The centennial of the restoration of independence is an exceptional anniversary for Poles. On November 11, 1918 the Polish state returned to the map of Europe from which it was erased by three annexationist monarchies: Austria, Prussia, and Russia. For 123 years Poles did not renounce their dream of independence and waged the unprecedented struggle for freedom and preservation of their identity. Despite the loss of yet another uprising, Poles managed to protect the most precious thing, the dream of their own state. The fall of the three annexationist states and joint efforts of Poles allowed them to revive the independent Poland.
“Calendar of Independence” takes us closer to that extraordinary time of struggle which was waged not only on battlefields and in the quietness of diplomatic cabinets, but also in the everyday life of common people who manifested their belonging to Poland without thinking of persecution and tried to preserve their own culture at all cost. These efforts lasted much longer than the warfare of the First World War (1914–1918), so the calendar tells about the events starting from the beginning of the war up to 1921, when Polish borders were finalized.

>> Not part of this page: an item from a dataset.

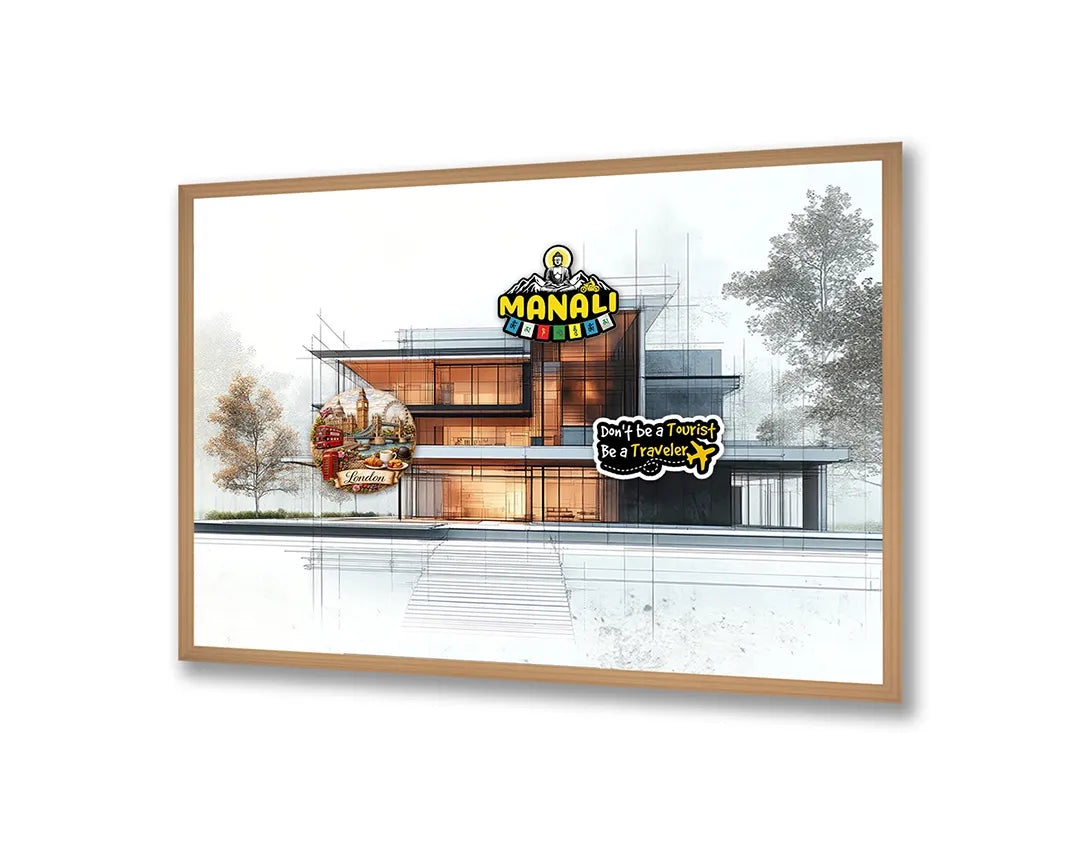 Metalen Magneetbord met hoogwaardige afbeelding van Modern huis architectuur waterkant voor aan de muur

In order to represent this exceptional for Poles time in its entirety, we selected 365 dates that tell about military, social, cultural or moral and ethical events and together depict the complex and eventful road to independence. These events will be linked to specific days but will not be represented in chronological order.
The “Calendar of Independence” project is a part of the celebrations of the “Centennial of the restoration of Polish independence.” It is a result of the collaboration between the Polish Institute in Kyiv and the Polish History Museum. The authors of the selection of dates, pictures and comments that accompany them are two Polish historians, Dr. Hab. Piotr Szlanta and Jan Błachnio.